Allegro Microsystems Inc (ALGM)

Solvency ratios

Dec 31, 2024 Sep 30, 2024 Jun 30, 2024 Mar 31, 2024 Dec 31, 2023 Sep 30, 2023 Jun 30, 2023 Mar 31, 2023 Dec 23, 2022 Sep 23, 2022 Jun 30, 2022 Mar 31, 2022 Dec 31, 2021 Sep 30, 2021 Jun 30, 2021
Debt-to-assets ratio 0.26 0.27 0.14 0.16 0.16 0.02 0.02 0.02 0.02 0.03 0.03 0.03 0.03 0.03 0.03
Debt-to-capital ratio 0.29 0.30 0.15 0.18 0.18 0.02 0.02 0.03 0.03 0.03 0.03 0.03 0.03 0.04 0.04
Debt-to-equity ratio 0.40 0.42 0.18 0.22 0.22 0.02 0.02 0.03 0.03 0.03 0.03 0.03 0.04 0.04 0.04
Financial leverage ratio 1.55 1.59 1.31 1.35 1.38 1.17 1.20 1.22 1.21 1.20 1.21 1.22 1.23 1.23 1.29

Based on the provided data, Allegro Microsystems Inc's solvency ratios indicate the following trends:

1. Debt-to-assets ratio:
- The company's debt-to-assets ratio remained relatively stable at around 0.03 from June 2021 to September 2023, indicating a low level of debt compared to its assets.
- However, there was a significant increase in the ratio from December 2023 to December 2024, reaching 0.26, which suggests a sudden increase in debt relative to the total assets of the company.

2. Debt-to-capital ratio:
- Similar to the debt-to-assets ratio, the debt-to-capital ratio was consistent at around 0.03 to 0.04 from June 2021 to September 2023.
- The ratio increased notably from December 2023 to December 2024, reaching 0.29, indicating a higher proportion of debt in the company's capital structure.

3. Debt-to-equity ratio:
- The debt-to-equity ratio followed a similar pattern to the debt-to-assets and debt-to-capital ratios, maintaining a low level of debt relative to equity until September 2024.
- However, there was a sharp increase from September 2024 to December 2024, with the ratio rising to 0.40, signaling a significant increase in debt compared to equity.

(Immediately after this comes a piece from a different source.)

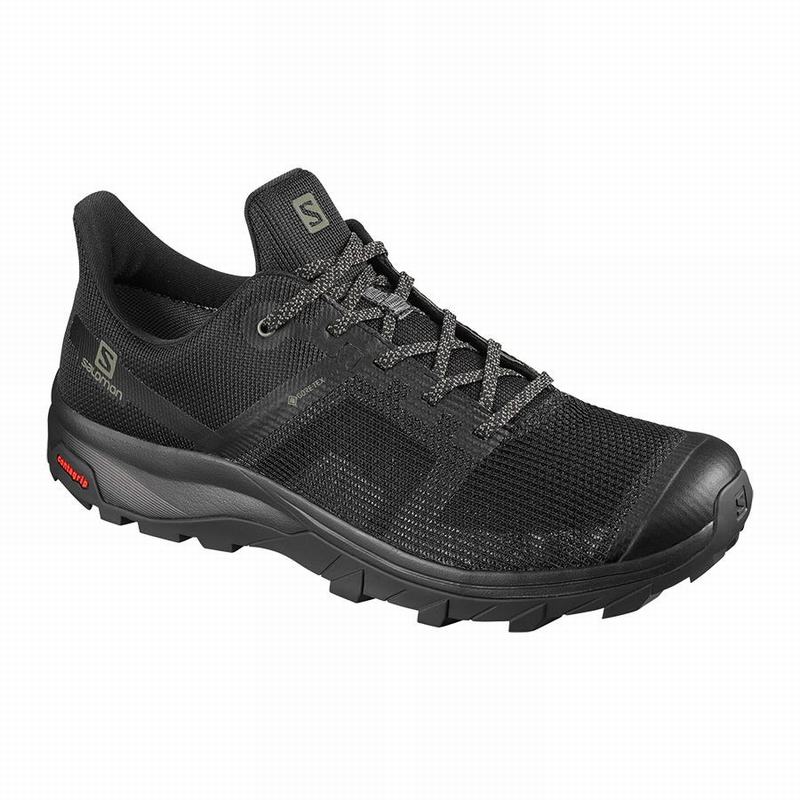 Salomon Vandresko Herre Sort - OUTLINE PRISM GORE-TEX (NOEGD-9853)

4. Financial leverage ratio:
- The financial leverage ratio decreased gradually from June 2021 to September 2023, indicating a decreasing reliance on debt to support the company's operations.
- There was a noticeable increase in the ratio from September 2023 to December 2024, peaking at 1.59, implying a higher level of financial risk and leverage in the company's capital structure.

In summary, Allegro Microsystems Inc experienced relatively stable solvency ratios in terms of debt-to-assets, debt-to-capital, and debt-to-equity ratios until a sudden increase in debt levels from late 2023 to 2024. The financial leverage ratio also showed a decreasing trend initially but rose significantly towards the end of the period, indicating increasing financial risk. These trends suggest a shift towards a more debt-heavy capital structure, which may pose risks to the company's financial stability in the long term.


Coverage ratios

Dec 31, 2024 Sep 30, 2024 Jun 30, 2024 Mar 31, 2024 Dec 31, 2023 Sep 30, 2023 Jun 30, 2023 Mar 31, 2023 Dec 23, 2022 Sep 23, 2022 Jun 30, 2022 Mar 31, 2022 Dec 31, 2021 Sep 30, 2021 Jun 30, 2021
Interest coverage -0.74 0.75 8.15 19.08 40.97 98.07 101.10 98.02 95.26 86.01 51.56 67.20 24.59 8.86 6.06

The interest coverage ratio of Allegro Microsystems Inc has shown significant fluctuations over the periods provided in the data. It is a measure of the company's ability to meet its interest obligations with its operating income.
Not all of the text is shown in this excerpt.